En efecto, ¿cómo podemos interpretar, hacer conjeturas de sentido, establecer valores y criterios acerca de un objeto cultural cuyos contenidos y –a veces– la lengua en que están expuestos, desconocemos? Parece claro que el símbolo –mejor dicho, nuestra actividad de simbolización– es una especie de lengua universal que nunca conseguiremos dominar del todo; y que pese al esfuerzo que puso en compilarlo Hegel, ese lenguaje es imposible formalizar o de reducir a una lógica mayor que unifique y ordene toda la obra humana de acuerdo con un significado trascendental y no obstante pone en relación todo lo que los hombres han hecho y hacen todo el tiempo. Un ídolo africano construido con atención esmerada a su belleza tiene necesariamente algo en común con una escultura griega clásica aunque sus dioses representados, sus respectivas funciones sacramentales o su forma no compartan principio alguno. Lo que esos objetos tan distantes entre sí comparten es únicamente la función simbólica que los ha traído al mundo.

El misterio de lo que llamamos arte, la religión, los nombres que damos al deseo y a algunos sentimientos muy humanos, como el miedo a la muerte o la soledad, están presentes universalmente y a pesar de las diferencias de lenguaje, de algún modo llegamos a conocerlos o a establecer una conjetura de significado sobre el modo en que se manifiestan en un texto o en un objeto de culto gracias a la función simbólica.
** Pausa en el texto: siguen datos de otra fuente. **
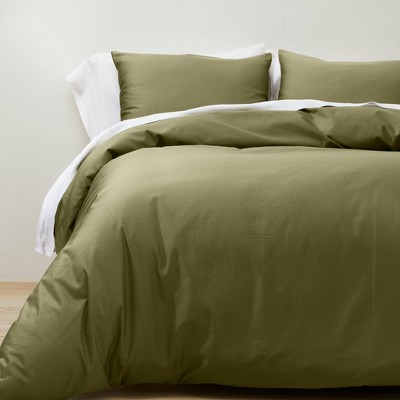 Moss Green linen bedding set with zipper – Linen Couture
Así pues, comprendo que el sueño de Fausto (llegar a saberlo todo) y, en general, el de todo hombre espiritual –quiero decir, lo que guía su voluntad de conocer, su curiosidad insaciable, la siempre dolorosa busca de la verdad y la voluntad expresiva– no es la superación de la finitud o el anhelo de la inmortalidad (bueno, no solamente), sino el dominar ese lenguaje primordial que es puramente simbólico y que subyace a todo cuanto hacemos, a todo lo que otros, en todas partes y en todos los tiempos, también han hecho. Esa es la sabiduría que perseguimos.

Sin embargo, no es esta constatación más o menos filosófica lo que me asombra sino que, en mi pequeña soledad, sentado frente a mi mesa de trabajo delante de la pantalla, la presencia de esos símbolos hace que de pronto me sienta acompañado.